• Identified SONNET scenarios and use-cases, system architecture, requirements and performance indicators
• Identified a Context-Aware Architecture for Self-Organization and context-based scheduling applications (figure 1)
• Developed a context-based battery priority scheduling algorithm for limited battery powered devices utilizing high data rate demanding applications.
• Proposed a Multi-domain SDN MEC architecture (figure 2) for resource provisioning. In particular, a deadlock aware algorithm for scheduling resources for Industrial IoT (IIoT) devices onto a MEC platform which incorporates the banker’s resource-request algorithm is proposed.
• Design and development of an energy-aware routing algorithm for SDN based Networks
We proposed a novel Temporal Resource-aware Routing Algorithm for SDN (STR-RA).
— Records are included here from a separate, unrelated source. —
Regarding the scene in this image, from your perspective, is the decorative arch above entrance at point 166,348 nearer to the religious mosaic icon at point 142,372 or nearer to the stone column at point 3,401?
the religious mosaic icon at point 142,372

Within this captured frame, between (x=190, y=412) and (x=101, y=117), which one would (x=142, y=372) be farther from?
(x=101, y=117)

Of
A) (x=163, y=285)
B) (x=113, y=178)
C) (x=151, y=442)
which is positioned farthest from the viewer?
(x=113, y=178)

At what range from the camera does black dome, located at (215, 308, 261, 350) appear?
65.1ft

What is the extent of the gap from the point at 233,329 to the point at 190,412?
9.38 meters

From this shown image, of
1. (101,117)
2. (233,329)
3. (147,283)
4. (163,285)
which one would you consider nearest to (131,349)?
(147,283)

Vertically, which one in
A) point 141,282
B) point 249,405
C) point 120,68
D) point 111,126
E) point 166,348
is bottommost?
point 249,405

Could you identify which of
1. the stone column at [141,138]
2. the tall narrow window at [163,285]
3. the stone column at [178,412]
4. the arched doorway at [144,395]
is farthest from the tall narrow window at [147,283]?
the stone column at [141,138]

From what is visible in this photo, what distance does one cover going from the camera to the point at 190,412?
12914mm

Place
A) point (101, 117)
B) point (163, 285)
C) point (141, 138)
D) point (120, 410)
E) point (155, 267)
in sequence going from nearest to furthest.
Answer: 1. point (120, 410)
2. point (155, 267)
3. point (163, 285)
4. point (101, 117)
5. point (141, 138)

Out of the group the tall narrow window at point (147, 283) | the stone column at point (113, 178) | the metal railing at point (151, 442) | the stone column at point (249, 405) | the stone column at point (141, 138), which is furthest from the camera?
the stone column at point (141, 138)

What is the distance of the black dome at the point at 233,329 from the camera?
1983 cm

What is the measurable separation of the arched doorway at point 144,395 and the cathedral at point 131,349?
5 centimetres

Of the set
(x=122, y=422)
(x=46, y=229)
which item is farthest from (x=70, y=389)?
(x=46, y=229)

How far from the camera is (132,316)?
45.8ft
Performance of the algorithm is verified using a GNS3 based implementation with an Opendaylight controller. The simulation results were compared against legacy RIP (Routing Information Protocols) and OSPF(Open Shortest Path First) protocols, where a gain of up to 6 orders of magnitude was observed in E2E (End-to-End) delay reduction.
• Design of SO-Network Sharing for heterogeneous networks (figure 3)
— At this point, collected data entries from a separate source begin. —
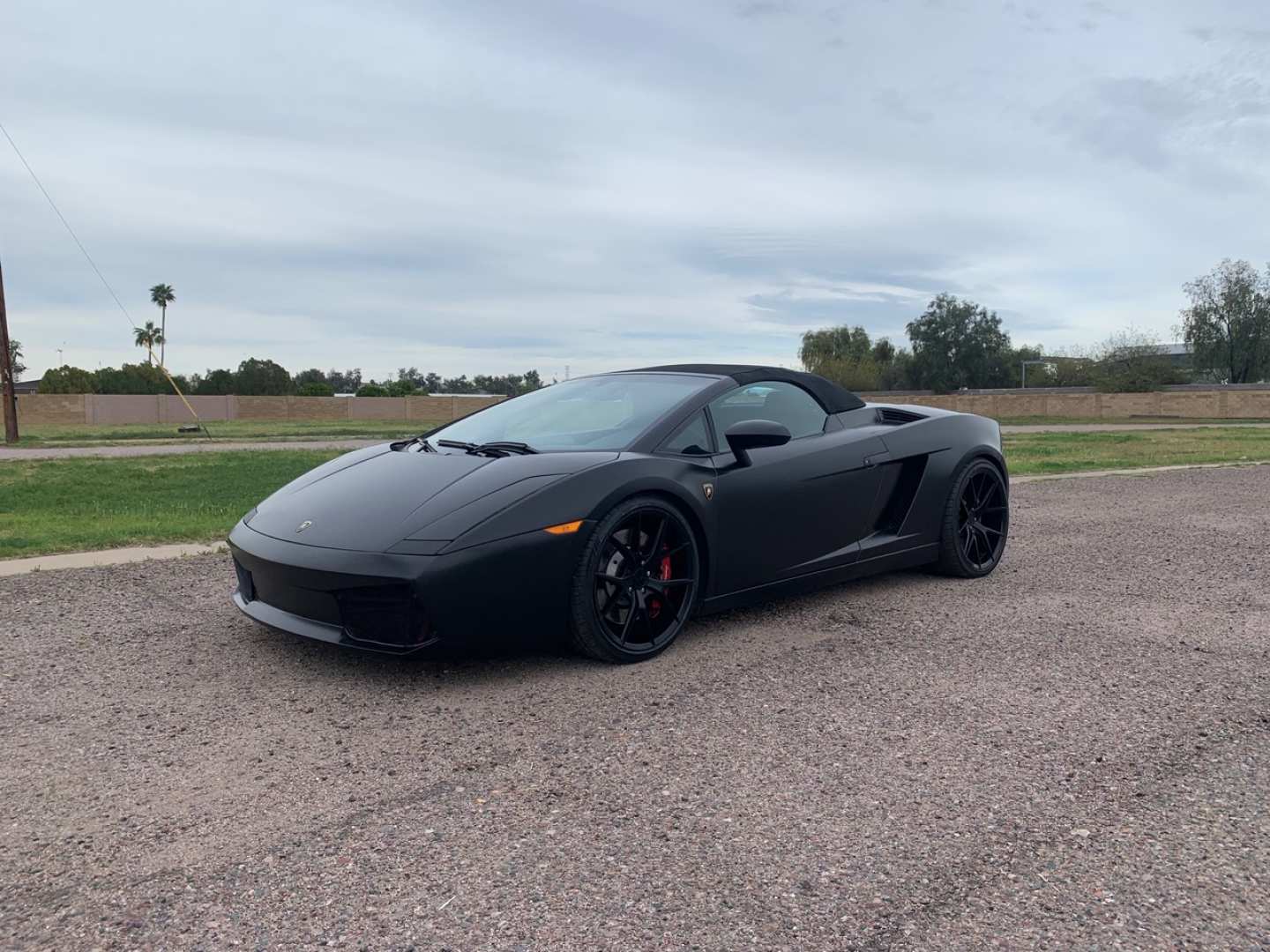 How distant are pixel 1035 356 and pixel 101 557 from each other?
97169 mm

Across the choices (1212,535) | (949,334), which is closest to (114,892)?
(1212,535)

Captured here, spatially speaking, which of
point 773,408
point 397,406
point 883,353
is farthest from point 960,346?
point 773,408

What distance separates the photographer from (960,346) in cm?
8069

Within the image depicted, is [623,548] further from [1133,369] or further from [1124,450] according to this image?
[1133,369]

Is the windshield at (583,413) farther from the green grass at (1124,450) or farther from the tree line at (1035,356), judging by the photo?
the tree line at (1035,356)

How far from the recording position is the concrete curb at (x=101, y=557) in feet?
18.8

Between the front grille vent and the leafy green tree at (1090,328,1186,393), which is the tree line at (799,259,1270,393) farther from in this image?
the front grille vent

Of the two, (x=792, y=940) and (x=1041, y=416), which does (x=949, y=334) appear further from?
(x=792, y=940)

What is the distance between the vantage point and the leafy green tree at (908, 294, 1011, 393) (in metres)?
80.4

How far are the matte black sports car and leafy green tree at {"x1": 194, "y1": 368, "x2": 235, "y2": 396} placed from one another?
244 ft

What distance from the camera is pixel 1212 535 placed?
7.06m

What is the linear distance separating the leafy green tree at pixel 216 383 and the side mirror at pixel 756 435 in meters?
74.9

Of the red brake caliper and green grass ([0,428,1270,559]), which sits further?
green grass ([0,428,1270,559])

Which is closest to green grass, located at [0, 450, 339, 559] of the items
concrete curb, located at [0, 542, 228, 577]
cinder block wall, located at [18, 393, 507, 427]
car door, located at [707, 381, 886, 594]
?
concrete curb, located at [0, 542, 228, 577]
A mobile networking scenario was proposed that exploit the context-aware architecture paradigm, and SON module to gather context information about the user Signal-to-Noise and Interference in order to maximise the coverage-capacity of the network under a network sharing regime, as well to ensure energy efficient connectivity.
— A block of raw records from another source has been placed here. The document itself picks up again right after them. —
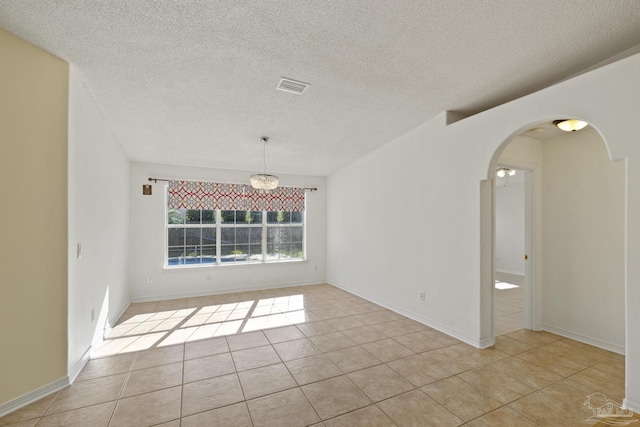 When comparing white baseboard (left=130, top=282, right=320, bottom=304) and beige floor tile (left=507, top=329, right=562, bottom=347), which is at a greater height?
beige floor tile (left=507, top=329, right=562, bottom=347)

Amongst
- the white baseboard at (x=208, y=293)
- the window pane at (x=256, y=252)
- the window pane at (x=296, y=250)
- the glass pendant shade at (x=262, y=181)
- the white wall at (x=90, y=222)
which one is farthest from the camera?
the window pane at (x=296, y=250)

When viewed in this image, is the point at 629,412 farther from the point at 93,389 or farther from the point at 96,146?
the point at 96,146

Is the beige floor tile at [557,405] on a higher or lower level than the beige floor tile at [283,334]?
higher

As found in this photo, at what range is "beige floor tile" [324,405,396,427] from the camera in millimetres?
1911

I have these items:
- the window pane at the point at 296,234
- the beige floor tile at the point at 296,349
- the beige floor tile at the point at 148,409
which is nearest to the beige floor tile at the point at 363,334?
the beige floor tile at the point at 296,349

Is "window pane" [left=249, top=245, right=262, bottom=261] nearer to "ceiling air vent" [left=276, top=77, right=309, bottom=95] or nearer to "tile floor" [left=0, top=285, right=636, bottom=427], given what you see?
"tile floor" [left=0, top=285, right=636, bottom=427]

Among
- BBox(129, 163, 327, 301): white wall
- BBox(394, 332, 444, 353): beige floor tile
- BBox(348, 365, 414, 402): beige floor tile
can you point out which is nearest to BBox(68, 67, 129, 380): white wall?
BBox(129, 163, 327, 301): white wall

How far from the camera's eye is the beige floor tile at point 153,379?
7.70ft

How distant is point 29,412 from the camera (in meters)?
2.04

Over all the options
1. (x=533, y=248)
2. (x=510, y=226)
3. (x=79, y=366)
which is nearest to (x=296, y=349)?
(x=79, y=366)

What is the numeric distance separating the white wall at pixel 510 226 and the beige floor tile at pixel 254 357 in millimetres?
7102

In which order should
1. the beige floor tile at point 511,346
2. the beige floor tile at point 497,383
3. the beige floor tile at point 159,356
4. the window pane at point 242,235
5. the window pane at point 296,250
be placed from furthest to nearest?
the window pane at point 296,250 → the window pane at point 242,235 → the beige floor tile at point 511,346 → the beige floor tile at point 159,356 → the beige floor tile at point 497,383

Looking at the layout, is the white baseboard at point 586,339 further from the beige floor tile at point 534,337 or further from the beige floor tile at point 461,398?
the beige floor tile at point 461,398

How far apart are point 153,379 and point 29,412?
776 mm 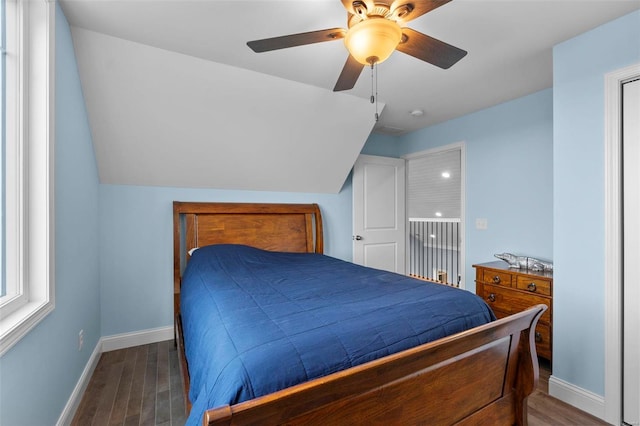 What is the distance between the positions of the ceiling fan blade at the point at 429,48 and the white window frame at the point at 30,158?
1782 millimetres

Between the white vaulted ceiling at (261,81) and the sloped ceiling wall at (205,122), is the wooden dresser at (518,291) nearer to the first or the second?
the white vaulted ceiling at (261,81)

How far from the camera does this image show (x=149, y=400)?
6.47 ft

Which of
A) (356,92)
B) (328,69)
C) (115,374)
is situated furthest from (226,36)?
(115,374)

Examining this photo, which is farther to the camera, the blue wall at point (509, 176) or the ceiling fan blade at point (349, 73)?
the blue wall at point (509, 176)

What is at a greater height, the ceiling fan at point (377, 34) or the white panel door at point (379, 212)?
the ceiling fan at point (377, 34)

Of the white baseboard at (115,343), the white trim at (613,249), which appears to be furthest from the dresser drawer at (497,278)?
the white baseboard at (115,343)

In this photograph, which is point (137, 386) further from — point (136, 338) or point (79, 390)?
point (136, 338)

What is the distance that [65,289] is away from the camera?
5.80ft

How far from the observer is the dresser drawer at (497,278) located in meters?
2.59

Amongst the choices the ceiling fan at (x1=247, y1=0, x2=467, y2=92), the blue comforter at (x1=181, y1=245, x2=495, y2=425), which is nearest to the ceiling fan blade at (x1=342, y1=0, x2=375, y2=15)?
the ceiling fan at (x1=247, y1=0, x2=467, y2=92)

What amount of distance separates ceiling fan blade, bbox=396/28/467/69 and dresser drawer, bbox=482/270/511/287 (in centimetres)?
190

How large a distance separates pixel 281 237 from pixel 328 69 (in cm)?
181

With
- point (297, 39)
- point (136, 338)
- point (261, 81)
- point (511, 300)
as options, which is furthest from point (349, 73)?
point (136, 338)

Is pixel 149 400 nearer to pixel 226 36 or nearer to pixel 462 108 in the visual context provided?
pixel 226 36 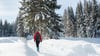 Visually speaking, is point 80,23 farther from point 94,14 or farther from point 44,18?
point 44,18

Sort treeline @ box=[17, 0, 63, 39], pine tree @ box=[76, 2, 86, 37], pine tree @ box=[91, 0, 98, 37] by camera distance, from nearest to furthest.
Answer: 1. treeline @ box=[17, 0, 63, 39]
2. pine tree @ box=[91, 0, 98, 37]
3. pine tree @ box=[76, 2, 86, 37]

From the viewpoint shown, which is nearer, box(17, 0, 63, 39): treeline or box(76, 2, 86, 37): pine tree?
box(17, 0, 63, 39): treeline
• Design of novel SO-CoMP transmission approaches for beyond 5G networks
SONNET implemented a hybrid approach based on centralized and distributed self-organized small cells that achieves low signalling overhead through direct small cell communication. The SON approach is shaped by two different optimization approaches, that include machine learning (ML) and game theory.
• An integrated SONNET testbed was developed, that is able to emulate interconnected heterogeneous infrastructures within a cloud based framework; this involved the integration of an in-house network (LSBU) and system level simulator (GS) with a commercial ray tracer tool (SIG). In particular, the SONNET deployment entertains a novel SO-KDN (Self-Organised Knowledge-Defined Networking) model which provides beyond-5G self-organization (Self-Optimization, Self-Configuration, Self-Healing and Self-Learning) on a Knowledge-Defined Network. A comprehensive set of simulation results were given too demonstrate how SO and machine learning in synergy can optimise network performance for the routing-as-a-service use-case.
The dissemination plan led to 32 published works (20 journals, 12 conference papers), 3 international workshops, and several key note talks and tutorials. The exploitation plan led to influencing the standards community through publication in the IEEE Communications Standards Magazine (SDN-Sim: Integrating a System-Level Simulator with a Software Defined Network; 4(1), March 2020). The scientifc outcomes also provided the basis for tutorials (for e.g. CollaborateCom 2019, AI-as-Service), and content for laboratory coursework (new experimentation problem-solving) that was included in the MSc program at the Uni. of Patras (Greece) and London South bank University (UK).